Each year, PCMNY hosts a retreat to invite members and friends to take some time away to pray, grow spiritually, and be inspired to return home to do the work of peacebuilding. From February 28th to March 2nd, 2014, Sr. Kathleen Deignan, CND led us on our retreat at the St. Joseph’s Renewal Center in Brentwood, Long Island. Blending her passions, her retreat theme was "Pax Christi/Pax Terra: Thomas Merton and Thomas Berry in Dialogue on Making Peace with Earth." Fifty-one retreatants were blessed by the experience.

Ash Wednesday Leafleting

Our tradition on Ash Wednesday is to offer a Lenten Reflection to the faithful outside St. Patrick’s Cathedral. On Ash Wednesday, 2014, six PCMNY members distributed 1500 leaflets to the faithful receiving ashes. Click here to read this year’s Reflection.




Featured Recent Event

Luke Live! - January 26, 2014

I admit it.  It was so cold on Sunday, January 26th, that I would have been perfectly happy staying home, but Pax Christi Metro New York was presenting its Peacemaking through the Arts Winter Benefit, Luke Live! and I had to go.  Thank God I did and thank God so did an assembly of hearty souls willing to conquer the arctic air and support PCMNY.

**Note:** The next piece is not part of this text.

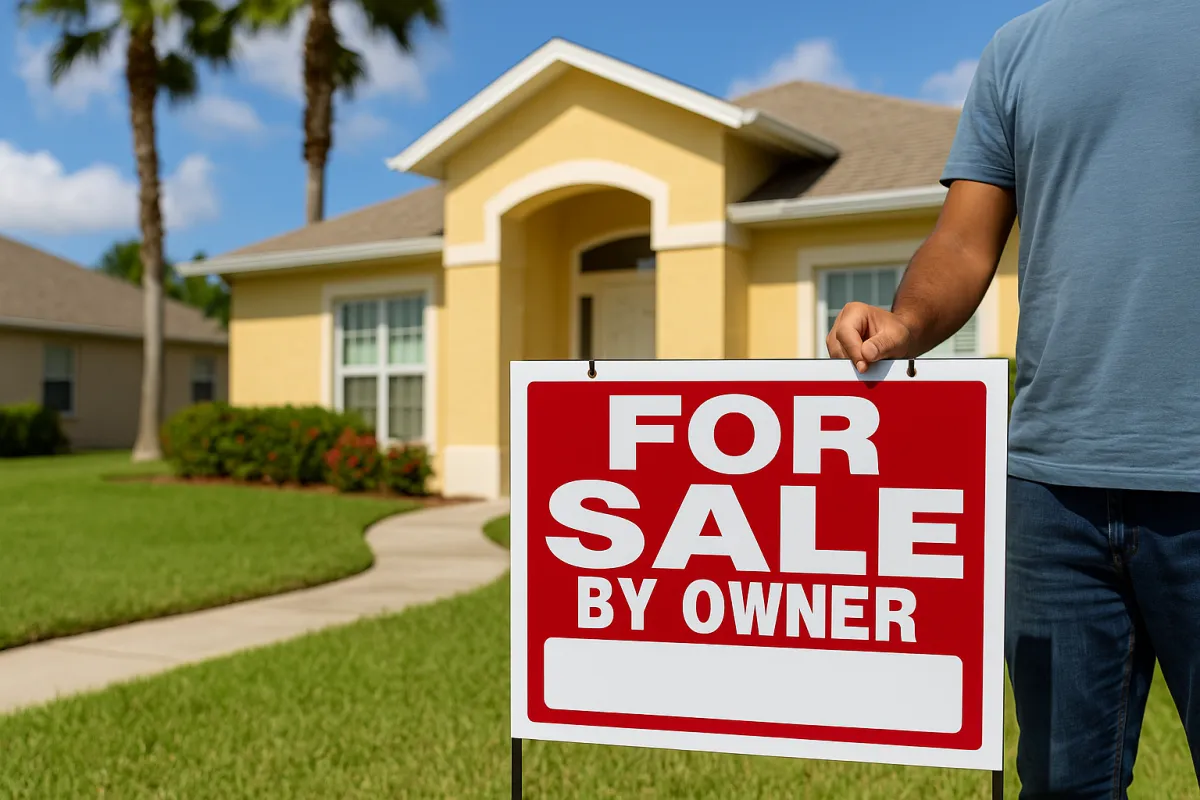 A Florida homeowner stands beside a red and white "For Sale By Owner" sign in front of a well-kept yellow stucco house with palm trees, green lawn, and a curved walkway under a sunny blue sky.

 Luke Live! turned out to be a fine way to warm the soul.  Fr. James DiLuzio, accompanied by the talented composer-pianist Laurence Rosania, graced his audience with several passages of Luke’s Gospel proclaimed not simply by heart but from the heart and enriched by a range of beautifully sung songs and interludes of commentary to entertain and enlighten.

 Fr. James began by emphasizing the value and virtue of simplicity, pointing out how much we tend to like what is “down to earth.”  He placed the Gospel and Jesus in that context, starting with the birth narrative in Luke’s Gospel.  How much simpler and down to earth could Jesus’ birth have been!  With that, Fr. James broke into the Quaker classic: “’Tis a Gift to Be Simple,” followed by Bernstein’s “A Simple Song” from Mass.  He then proceeded to proclaim other passages of Luke’s Gospel, including the Temptations in the Desert, the call of the Apostles, the Sermon on the Plain, the Lilies in the Field, and the stories of Martha and Mary, the Prodigal Son, and Zacchaeus.  Hearing each passage with the inflections and pauses that Fr. James gave them, seeing the facial expressions and body movements that he incorporated into each verse made them come alive and take on deeper meaning than a simple reading generally does.  Pairing them with such songs as Bruce Springsteen’s “Into the Fire,” Brian Wren and Norman Warren’s hymn “Is This a Day of New Beginnings?”, Bernstein’s “My House” from Peter Pan, “Who Will Buy? from Oliver, Pete Seeger’s “If I Had a Hammer,” “The Happy Working Song” from Disney’s Enchanted, “Bring Him Home” from Les Miserables, and Bob Dylan’s “The Times They Are A-Changing” not only gave new meaning to each song, but also served as prayer responses to the Gospel sections.  Some revealed the joy of the Good News; most revealed its solemnity.

Besides returning to the message of simplicity throughout the program, Fr. James also reminded us of our common humanity which begs us not to be judgmental or arrogant, but to be forgiving and humble.  With the story of Martha and Mary, he suggested we learn to balance action and contemplation, not to put one above the other.  With the story of the Prodigal Son, he focused on the good brother, noting that he lost nothing because his brother was royally welcomed home.  Nor do we lose by another’s gain.  With the story of Zacchaeus, he noted that Zacchaeus was transformed not because Jesus chastised him, but because he rose to the level of esteem that Jesus afforded him.

Fr. James gave us many important ingredients to integrate into our peacemaking.  Yes, we will all be tempted to stay at home where it’s safe and warm, but if we do we may miss an opportunity to be so much more.